= YOUR OBJECTIVE =
Once you find the line with "Salad at Cook and Book 쿡앤북 in Seoul" in the data that follows, repeat it and every line after it exactly, through the line with "Nike Air Max Invigor image 8".

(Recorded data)

▬▬▬▬▬▬

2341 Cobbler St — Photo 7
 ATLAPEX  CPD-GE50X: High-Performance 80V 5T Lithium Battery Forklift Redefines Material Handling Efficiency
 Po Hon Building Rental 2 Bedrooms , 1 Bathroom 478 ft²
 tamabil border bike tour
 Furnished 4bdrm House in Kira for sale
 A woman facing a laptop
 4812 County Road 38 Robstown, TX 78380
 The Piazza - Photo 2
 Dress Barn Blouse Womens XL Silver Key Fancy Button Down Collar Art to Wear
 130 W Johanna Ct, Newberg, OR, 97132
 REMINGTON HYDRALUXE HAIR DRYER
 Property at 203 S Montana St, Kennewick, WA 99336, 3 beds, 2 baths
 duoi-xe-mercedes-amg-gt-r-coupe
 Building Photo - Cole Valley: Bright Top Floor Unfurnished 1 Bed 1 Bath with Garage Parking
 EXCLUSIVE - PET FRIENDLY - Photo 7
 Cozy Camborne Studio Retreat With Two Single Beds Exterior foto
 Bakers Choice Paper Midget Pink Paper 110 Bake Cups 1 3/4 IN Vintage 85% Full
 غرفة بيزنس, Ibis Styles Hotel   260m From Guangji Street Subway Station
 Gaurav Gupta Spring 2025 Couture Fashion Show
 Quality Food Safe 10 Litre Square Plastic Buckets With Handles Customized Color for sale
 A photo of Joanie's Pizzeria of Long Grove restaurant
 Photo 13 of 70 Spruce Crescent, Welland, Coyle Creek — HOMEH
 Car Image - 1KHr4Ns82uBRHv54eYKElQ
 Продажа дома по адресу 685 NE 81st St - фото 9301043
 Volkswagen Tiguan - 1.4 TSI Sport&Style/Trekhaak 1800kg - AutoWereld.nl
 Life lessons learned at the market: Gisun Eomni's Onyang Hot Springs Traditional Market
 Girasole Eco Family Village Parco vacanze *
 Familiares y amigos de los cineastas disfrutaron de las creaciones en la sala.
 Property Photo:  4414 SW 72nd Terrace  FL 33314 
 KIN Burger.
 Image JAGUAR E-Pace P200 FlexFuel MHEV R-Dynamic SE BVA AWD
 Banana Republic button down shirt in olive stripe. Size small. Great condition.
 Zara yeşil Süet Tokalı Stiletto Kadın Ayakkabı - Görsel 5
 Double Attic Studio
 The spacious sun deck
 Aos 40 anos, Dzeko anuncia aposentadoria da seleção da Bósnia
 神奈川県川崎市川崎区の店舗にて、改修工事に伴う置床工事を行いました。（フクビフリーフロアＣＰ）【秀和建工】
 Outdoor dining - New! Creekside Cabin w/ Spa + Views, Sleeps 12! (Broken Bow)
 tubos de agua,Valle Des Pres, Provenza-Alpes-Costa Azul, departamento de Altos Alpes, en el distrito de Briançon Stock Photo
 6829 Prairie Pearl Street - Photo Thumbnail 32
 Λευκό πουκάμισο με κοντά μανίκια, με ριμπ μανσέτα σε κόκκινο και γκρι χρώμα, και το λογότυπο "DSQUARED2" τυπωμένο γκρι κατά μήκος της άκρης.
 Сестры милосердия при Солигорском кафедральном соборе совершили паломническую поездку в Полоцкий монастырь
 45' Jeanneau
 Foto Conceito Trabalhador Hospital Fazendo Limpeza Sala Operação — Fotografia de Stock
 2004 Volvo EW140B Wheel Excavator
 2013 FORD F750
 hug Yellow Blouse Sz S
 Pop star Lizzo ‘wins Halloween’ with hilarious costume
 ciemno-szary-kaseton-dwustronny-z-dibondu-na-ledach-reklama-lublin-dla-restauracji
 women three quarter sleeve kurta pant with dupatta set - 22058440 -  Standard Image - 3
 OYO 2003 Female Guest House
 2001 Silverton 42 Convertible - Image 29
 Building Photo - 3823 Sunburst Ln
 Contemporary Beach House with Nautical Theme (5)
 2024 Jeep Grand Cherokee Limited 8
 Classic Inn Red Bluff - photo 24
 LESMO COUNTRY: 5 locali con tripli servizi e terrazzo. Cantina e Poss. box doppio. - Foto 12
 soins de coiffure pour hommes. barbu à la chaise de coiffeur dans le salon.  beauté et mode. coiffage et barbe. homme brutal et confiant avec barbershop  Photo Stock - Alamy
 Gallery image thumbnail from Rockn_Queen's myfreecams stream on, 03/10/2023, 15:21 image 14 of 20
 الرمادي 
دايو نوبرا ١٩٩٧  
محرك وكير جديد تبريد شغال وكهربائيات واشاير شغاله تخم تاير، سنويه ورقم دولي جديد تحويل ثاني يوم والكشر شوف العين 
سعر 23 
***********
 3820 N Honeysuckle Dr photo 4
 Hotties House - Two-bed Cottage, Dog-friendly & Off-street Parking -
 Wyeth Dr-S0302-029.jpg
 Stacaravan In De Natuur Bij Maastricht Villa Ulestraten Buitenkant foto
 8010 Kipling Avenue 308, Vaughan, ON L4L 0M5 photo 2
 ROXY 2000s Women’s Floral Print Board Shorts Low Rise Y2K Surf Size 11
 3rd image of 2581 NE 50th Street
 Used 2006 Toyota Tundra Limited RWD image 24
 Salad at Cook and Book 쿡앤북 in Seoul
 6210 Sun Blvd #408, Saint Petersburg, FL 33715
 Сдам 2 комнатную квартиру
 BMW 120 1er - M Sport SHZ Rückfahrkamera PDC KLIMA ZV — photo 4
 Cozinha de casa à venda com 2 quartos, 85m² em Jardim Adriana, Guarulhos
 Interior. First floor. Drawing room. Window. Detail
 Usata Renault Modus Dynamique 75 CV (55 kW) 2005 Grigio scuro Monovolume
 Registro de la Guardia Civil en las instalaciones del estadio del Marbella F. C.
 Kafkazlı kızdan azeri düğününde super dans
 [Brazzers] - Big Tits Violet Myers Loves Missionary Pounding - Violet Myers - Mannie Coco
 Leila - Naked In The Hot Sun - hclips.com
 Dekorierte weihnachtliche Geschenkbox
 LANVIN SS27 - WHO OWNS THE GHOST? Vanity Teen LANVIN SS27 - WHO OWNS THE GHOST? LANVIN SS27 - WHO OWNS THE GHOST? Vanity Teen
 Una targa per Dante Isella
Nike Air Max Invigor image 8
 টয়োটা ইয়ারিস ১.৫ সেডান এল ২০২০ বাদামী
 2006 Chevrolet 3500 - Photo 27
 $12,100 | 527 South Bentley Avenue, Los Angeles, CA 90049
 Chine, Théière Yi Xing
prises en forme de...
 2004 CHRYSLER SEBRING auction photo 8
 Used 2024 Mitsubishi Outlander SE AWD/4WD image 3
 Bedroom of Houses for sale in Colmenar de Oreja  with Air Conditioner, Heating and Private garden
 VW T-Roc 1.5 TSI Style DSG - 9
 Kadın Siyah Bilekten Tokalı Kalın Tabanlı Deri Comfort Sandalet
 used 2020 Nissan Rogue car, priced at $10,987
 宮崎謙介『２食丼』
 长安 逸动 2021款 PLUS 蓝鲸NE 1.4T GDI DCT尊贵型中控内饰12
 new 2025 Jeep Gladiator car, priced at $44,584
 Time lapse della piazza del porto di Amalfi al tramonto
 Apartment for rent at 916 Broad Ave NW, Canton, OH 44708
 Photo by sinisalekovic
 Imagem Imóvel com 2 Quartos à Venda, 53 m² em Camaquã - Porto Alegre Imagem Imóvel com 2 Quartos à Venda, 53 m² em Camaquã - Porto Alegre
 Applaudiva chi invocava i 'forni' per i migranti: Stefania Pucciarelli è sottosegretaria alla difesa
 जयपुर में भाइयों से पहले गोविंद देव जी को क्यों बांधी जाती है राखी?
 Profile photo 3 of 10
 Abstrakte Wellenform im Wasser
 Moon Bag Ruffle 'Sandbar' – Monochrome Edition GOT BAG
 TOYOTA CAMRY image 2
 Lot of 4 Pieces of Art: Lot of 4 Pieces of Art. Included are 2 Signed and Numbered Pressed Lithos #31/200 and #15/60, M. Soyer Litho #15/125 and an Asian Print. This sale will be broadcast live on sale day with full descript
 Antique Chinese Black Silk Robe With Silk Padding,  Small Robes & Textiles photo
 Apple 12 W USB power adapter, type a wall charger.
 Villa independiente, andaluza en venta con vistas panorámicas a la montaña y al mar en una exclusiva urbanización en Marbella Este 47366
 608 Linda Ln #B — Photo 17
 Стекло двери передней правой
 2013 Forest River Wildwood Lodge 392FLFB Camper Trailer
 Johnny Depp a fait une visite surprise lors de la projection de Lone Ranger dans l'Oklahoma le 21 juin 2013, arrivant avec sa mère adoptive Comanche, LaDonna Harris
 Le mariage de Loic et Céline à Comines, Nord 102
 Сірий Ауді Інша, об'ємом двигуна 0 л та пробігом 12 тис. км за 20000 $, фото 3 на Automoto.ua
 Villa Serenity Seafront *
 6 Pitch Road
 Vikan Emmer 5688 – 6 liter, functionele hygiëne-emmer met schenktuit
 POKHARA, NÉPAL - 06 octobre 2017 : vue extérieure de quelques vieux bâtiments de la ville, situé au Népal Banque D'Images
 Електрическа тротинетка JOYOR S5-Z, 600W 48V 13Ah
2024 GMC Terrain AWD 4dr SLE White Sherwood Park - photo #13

▬▬▬▬▬▬

= SOLUTION =
 Salad at Cook and Book 쿡앤북 in Seoul
 6210 Sun Blvd #408, Saint Petersburg, FL 33715
 Сдам 2 комнатную квартиру
 BMW 120 1er - M Sport SHZ Rückfahrkamera PDC KLIMA ZV — photo 4
 Cozinha de casa à venda com 2 quartos, 85m² em Jardim Adriana, Guarulhos
 Interior. First floor. Drawing room. Window. Detail
 Usata Renault Modus Dynamique 75 CV (55 kW) 2005 Grigio scuro Monovolume
 Registro de la Guardia Civil en las instalaciones del estadio del Marbella F. C.
 Kafkazlı kızdan azeri düğününde super dans
 [Brazzers] - Big Tits Violet Myers Loves Missionary Pounding - Violet Myers - Mannie Coco
 Leila - Naked In The Hot Sun - hclips.com
 Dekorierte weihnachtliche Geschenkbox
 LANVIN SS27 - WHO OWNS THE GHOST? Vanity Teen LANVIN SS27 - WHO OWNS THE GHOST? LANVIN SS27 - WHO OWNS THE GHOST? Vanity Teen
 Una targa per Dante Isella
Nike Air Max Invigor image 8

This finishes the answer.